Thanks for the reply! How long do they generally come back in? I am so nervous I sould let them out and they would leave. I would hate to loose one. Also, how many should I get for them to be happy? Do they still fly well when only a pair is flown? I may end up just getting Parlor rollers so I can snatch them up when theres a hawk.


----------



## Libis

A pair seems like too few birds to be very safe from hawks.


----------



## Print Tippler

Well, without droppers they usually come in at sunset. Rollers are not very good at hawk avoidness. But pigeons don't trap in when hawks are actively right there. They normally scatter and return. So the tippler is better than rollers since tippler have a good homing ability and they are great flyers. So if keeping them alive is the concern then tipplers are better. If you like rollers more then you have to way the options. I don't think roller do very well in small groups. Tipplers should be in 3 bird teams at the least.


----------



## Revolution Lofts

I would advise you to go with the tipplers since they are more capable of evading hawk attacks and can be trained fairly easily (not saying rollers cannot be).

However, I would advise you to keep more than 1 pair if you plan to fly the youngsters. A flock of even 10 pigeons can be attacked and at the end of the year you may only have 2 or 3 birds left (depending on how many hawks are in the area and how frequent the attacks are).

I would say breed from 2-3 pairs and then fly their youngsters.

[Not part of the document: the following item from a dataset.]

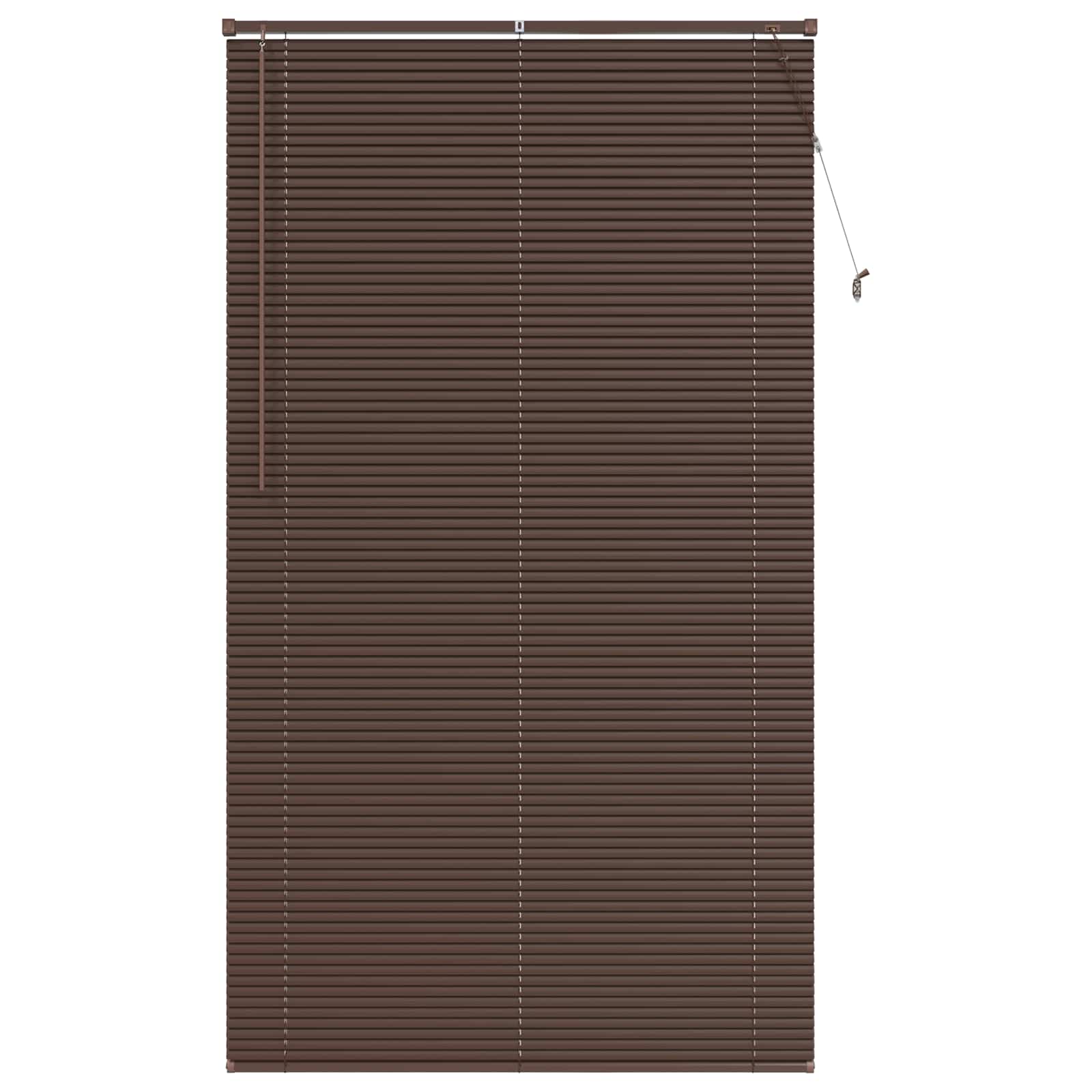 Vidaxl venetiaanse blind donkerbruin met patroon 213 x 120 cm pvc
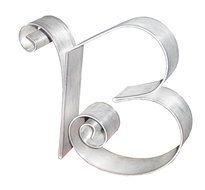 Hortense B. Hewitt Wedding Accessories Metal Scroll Cake Top, Letter M, 5-Inch Tall N5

You should build a dual- kit box if you can and raise the 2-3 pairs on one side, and the youngsters on the other side. 

Here is a good example which has 3 sections but you only really would need 2 sections:


----------



## Rafael/PR

hey print trippler , is the trippler has the best defense against hawk, flying higher then the hawk so they cant dive on them with speed? also which trippler fly the highest in the air , i read somewhere that the record for trippler staying up without comming down is 22 hours and 5 minute? i find that awesome that a bird could stay that long in the air, im hoping one of our pt friend of mine will sell me a pair he only like 15 minite from my home if he does i be a happy camper


----------



## Print Tippler

The only bird that should be called "tippler" is the English tipplers. Some people call some high flyers breeds tipplers to describe how it fly. They fly up and down in the clouds so they may be up high for half and hour then come back low and go back up. Next to the racers they are the best i think. They are a pure performance bird meant only for flying.


----------



## sdymacz

Orliks in Saint Petersburg have a record of 28 hours, all flying contests are held during the summer months and especially during the "White Nights" when there is only at best 20 minutes of dusk. Use high power spotlights and leg bells to try to track the kit is a must.

No national club permits night time contests even with such devices. The Orliks are stubborn pigeons and if the fancier is not in control of them, the Orliks will be in control of the fancier himself.

Good read
From
http://www.feathersite.com/Poultry/Pigeons/Orlik/BRKOrlik.html


----------



## Rafael/PR

na i cant believe any bird could stay up that long, lol , either way i truly want a pair now


----------



## Print Tippler

yeah, a rule is you can't turn any lights on until you want them to drop.


----------



## sdymacz

I would like to have some, but now I have planes being routed over my house, they have changed their route in the last five years. Now I think there's a plane every 5 min its crazy. My helmets and Owls don't fly high but also don't fly long if not lounging out on the roof they peck on the kitchen door to get my attention


----------



## rpalmer

This is a bit off topic but all the right people are here to answer my question without starting a thread for it.

What does it mean when a flyer says the birds are hitting the pins? What are pins???


----------



## Print Tippler

When they are dots in the sky and you can not see any flapping of wings.


----------



## Rafael/PR

lol,well one thing for sure if you own tipplers and they fly that high you will need to buy a set of Binoculars so you could see them when they become little pins in the sky


----------



## a.townflyer

this is for print tippler. do you know how good of a homing instinct the tippler pigeon has. is it anything like the homer.


----------



## rx9s

I have taken my Tippler 60 mile


----------



## a.townflyer

Ok thanks a lot


----------